(BRIEF): Every line below is to be given again precisely; images are to be left out.

(DATA SECTION):
+ + +

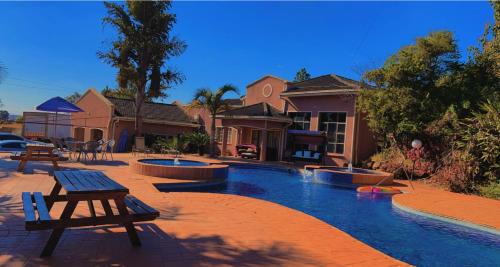 Aqua Villa & venue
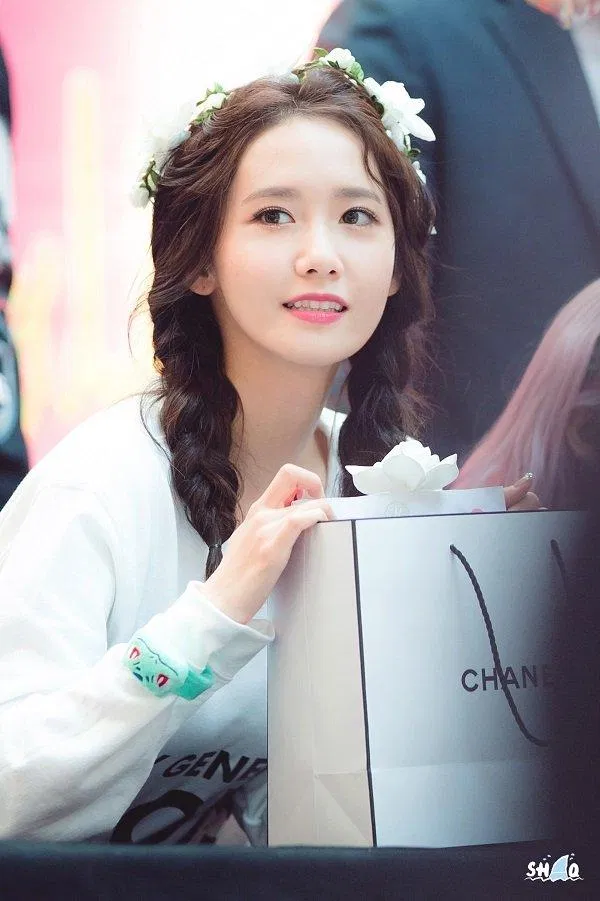 5 idol KPOP sở hữu gương mặt baby face cực kỳ đáng yêu, ngây thơ (G) I-DLE 5 idol KPOP sở hữu gương mặt baby face Baby baby face Black Pink BLACKPINK LISA BTS BTS Jungkook center đáng yêu em bé EXO idol KPOP jeon jungkook JungKook Lisa maknae mặt mộc Shuhua SNSD xiumin Yoona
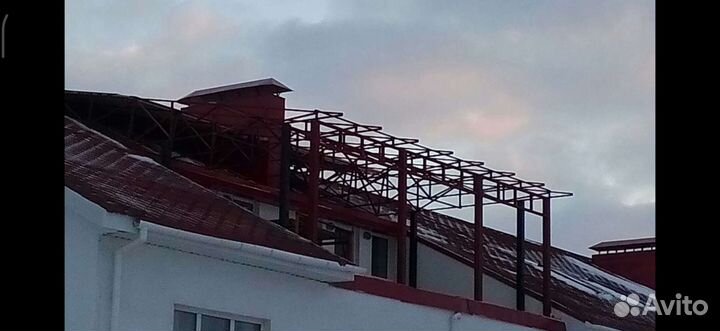 Навесы, лестницы, заборы, конструкции на заказ. Ме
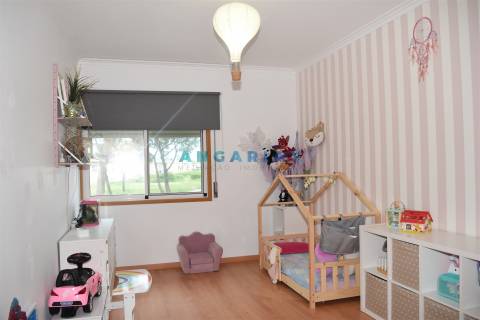 ANG1579 - Apartamento T2 para Venda em Samora Correia, Benavente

+ + +

(TASK SOLUTION):
 Aqua Villa & venue
 5 idol KPOP sở hữu gương mặt baby face cực kỳ đáng yêu, ngây thơ (G) I-DLE 5 idol KPOP sở hữu gương mặt baby face Baby baby face Black Pink BLACKPINK LISA BTS BTS Jungkook center đáng yêu em bé EXO idol KPOP jeon jungkook JungKook Lisa maknae mặt mộc Shuhua SNSD xiumin Yoona
 Навесы, лестницы, заборы, конструкции на заказ. Ме
 ANG1579 - Apartamento T2 para Venda em Samora Correia, Benavente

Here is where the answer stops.